Porque na escala da opressão, os animais não-humanos ocupam o último degrau. É na exploração animal que a quase totalidade da humanidade, opressores e oprimidos, se igualam, se irmanam. Embora, como propriedade que são, os animais não-humanos sejam mais “acessíveis” aos poderosos do mundo[1], o fato é que quase todos os grupos sociais praticam a exploração animal ou, em alguma medida, se beneficiam dela. A exploração animal, dominação humana sobre outros animais, é talvez a ideologia mais difundida e mais amplamente aceita do mundo. Quase todos aceitam-na não apenas como natural e desejável, mas igualmente como justa e correta. Os seres humanos desvalidos quase sempre podem consolar-se em saber que, ao menos, não são animais (e, quando vítimas de uma injustiça particularmente aberrante, reclamar que não podem ser tratados como tal). Estilos de vida e culturas inteiras se formaram em torno da escravidão de animais não-humanos. Não surpreendentemente, a cultura mais antropocêntrica do mundo – a judaico-cristã – teve origem entre povos pastoris. Os animais não-humanos são os maiores explorados da terra. São considerados menos que os escravos ou os trabalhadores remunerados; seus direitos são nulos. Eles estão em último lugar na escala, também, porque eles são o único grupo oprimido que não pode se levantar contra seus opressores. Isso torna o nosso papel, como defensores dos direitos animais, ainda mais importante. E nossa responsabilidade, ainda maior.
Claro, numa ironia final, nós, humanos, sempre podemos alegar que, se pudesse, a vaca faria o mesmo conosco. E isso ainda nos faz sentir superiores a ela – nós temos o poder de subjugá-la, ela não; nós triunfamos – reinamos – sobre todos os outros animais. Sem perceber, com esta posição, estamos chancelando a ideia de que aquele que pode explorar, escravizar, submeter, matar, é um ser superior. E, se não o fizer, é um tolo. Evidenciando portanto que, por mais que não reconheçamos isso publicamente, nossa sede de poder nos torna uma espécie que não é apenas predisposta à violência, mas glorifica-a.

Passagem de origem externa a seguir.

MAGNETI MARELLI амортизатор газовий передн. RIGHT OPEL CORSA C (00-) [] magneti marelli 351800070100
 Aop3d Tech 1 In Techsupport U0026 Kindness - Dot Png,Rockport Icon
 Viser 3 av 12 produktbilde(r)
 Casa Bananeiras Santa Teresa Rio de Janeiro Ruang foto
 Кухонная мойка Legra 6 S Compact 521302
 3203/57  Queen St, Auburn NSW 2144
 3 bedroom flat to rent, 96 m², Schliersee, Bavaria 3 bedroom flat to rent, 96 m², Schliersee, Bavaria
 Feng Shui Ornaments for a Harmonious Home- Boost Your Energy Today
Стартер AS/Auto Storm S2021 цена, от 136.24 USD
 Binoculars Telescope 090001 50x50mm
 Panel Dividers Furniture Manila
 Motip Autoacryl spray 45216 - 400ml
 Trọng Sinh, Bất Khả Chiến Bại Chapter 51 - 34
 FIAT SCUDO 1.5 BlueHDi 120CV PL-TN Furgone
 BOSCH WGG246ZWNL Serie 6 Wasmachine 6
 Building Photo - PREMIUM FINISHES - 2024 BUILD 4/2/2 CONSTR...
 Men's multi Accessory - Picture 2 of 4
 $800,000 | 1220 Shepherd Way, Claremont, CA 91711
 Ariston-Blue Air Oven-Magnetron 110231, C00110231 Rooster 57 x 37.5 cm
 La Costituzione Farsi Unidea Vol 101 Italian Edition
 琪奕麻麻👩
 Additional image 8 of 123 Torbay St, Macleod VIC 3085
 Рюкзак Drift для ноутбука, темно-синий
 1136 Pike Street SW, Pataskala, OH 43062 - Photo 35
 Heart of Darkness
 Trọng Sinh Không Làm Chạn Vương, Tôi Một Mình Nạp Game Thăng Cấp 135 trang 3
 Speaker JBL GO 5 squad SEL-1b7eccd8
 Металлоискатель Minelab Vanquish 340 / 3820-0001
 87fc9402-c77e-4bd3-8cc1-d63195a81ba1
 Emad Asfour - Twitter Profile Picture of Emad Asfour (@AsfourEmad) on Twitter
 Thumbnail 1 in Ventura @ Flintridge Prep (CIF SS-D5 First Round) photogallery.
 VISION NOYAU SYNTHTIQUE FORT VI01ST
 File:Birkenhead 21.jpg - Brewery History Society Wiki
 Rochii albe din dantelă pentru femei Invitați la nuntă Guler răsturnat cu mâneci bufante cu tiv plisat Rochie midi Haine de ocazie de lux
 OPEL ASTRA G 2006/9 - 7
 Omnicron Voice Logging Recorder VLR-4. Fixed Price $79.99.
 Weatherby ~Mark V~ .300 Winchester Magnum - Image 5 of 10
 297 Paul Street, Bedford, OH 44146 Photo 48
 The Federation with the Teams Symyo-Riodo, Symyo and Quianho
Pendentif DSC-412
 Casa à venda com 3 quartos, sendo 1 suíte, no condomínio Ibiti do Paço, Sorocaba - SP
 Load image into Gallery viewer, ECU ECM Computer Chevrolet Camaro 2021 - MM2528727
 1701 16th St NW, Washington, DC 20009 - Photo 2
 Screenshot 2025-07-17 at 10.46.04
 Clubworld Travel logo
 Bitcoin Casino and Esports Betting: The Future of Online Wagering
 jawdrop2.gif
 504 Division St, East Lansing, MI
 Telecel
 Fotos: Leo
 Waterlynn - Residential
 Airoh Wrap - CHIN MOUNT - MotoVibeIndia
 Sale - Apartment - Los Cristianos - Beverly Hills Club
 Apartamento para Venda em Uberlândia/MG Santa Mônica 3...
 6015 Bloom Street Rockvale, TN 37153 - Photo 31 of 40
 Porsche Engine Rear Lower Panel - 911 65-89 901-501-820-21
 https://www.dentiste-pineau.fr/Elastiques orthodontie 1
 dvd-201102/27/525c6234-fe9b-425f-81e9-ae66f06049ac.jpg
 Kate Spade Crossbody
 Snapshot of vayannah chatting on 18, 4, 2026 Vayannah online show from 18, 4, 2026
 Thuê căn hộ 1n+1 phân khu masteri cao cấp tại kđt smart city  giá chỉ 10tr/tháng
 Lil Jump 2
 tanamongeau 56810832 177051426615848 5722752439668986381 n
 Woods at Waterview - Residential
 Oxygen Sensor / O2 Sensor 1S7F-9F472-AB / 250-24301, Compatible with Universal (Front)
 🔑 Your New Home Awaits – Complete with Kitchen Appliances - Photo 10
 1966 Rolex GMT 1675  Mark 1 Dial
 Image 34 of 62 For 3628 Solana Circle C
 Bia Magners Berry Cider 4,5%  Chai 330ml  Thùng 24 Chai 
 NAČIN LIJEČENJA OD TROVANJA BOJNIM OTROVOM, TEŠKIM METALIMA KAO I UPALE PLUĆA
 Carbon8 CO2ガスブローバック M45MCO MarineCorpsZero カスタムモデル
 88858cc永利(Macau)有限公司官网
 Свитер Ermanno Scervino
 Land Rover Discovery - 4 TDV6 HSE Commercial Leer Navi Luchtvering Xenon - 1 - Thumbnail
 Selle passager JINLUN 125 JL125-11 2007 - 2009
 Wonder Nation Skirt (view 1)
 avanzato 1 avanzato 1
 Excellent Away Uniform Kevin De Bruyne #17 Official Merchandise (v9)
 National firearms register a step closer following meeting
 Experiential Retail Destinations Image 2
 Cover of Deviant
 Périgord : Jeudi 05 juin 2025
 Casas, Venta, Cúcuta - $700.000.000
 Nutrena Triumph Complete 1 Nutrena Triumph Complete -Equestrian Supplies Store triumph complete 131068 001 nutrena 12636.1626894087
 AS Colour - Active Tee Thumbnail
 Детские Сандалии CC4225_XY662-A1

Nosso comportamento com os animais não-humanos ratifica tudo o que fazemos entre nós mesmos. Se está correta a moral que aplicamos a todo o reino animal, então a ética comanda que sejamos brutais e vis entre nós mesmos – e que não há nada de injusto e imoral nisso. E é justamente por isso que nenhum ser humano que se levanta contra as injustiças provocadas contra outros seres humanos jamais poderá se mostrar indiferente ao sofrimento, à exploração, à objetificação dos animais não-humanos sem se mostrar portador de uma filosofia ética e política míope – e, em última instância, portardor de uma atitude incoerente e hipócrita.

O veganismo é, portanto, não apenas uma IMPOSIÇÃO ÉTICA como afirmei em meu texto anterior. Ele é, igualmente, uma IMPOSIÇÃO POLÍTICA a todos os que combatem as injustiças do mundo e recusam a ideia de que a injustiça é inevitável e aceitável. A injustiça, a opressão, a dominação humanas, sejam seus alvos outros seres humanos ou animais não-humanos, não podem ser vistas como simples fenômenos da natureza. Elas são construções sociais que podem – e devem – ser abolidas.

[1] E daí alguns fatos interessantes, como o uso da ingestão de proteína animal como indicador de prosperidade econômica ou a falácia de que o vegetarianismo é imoral num mundo assolado pela fome, quando na verdade a maioria esmagadora da carne do mundo vai para o estômago dos abastados.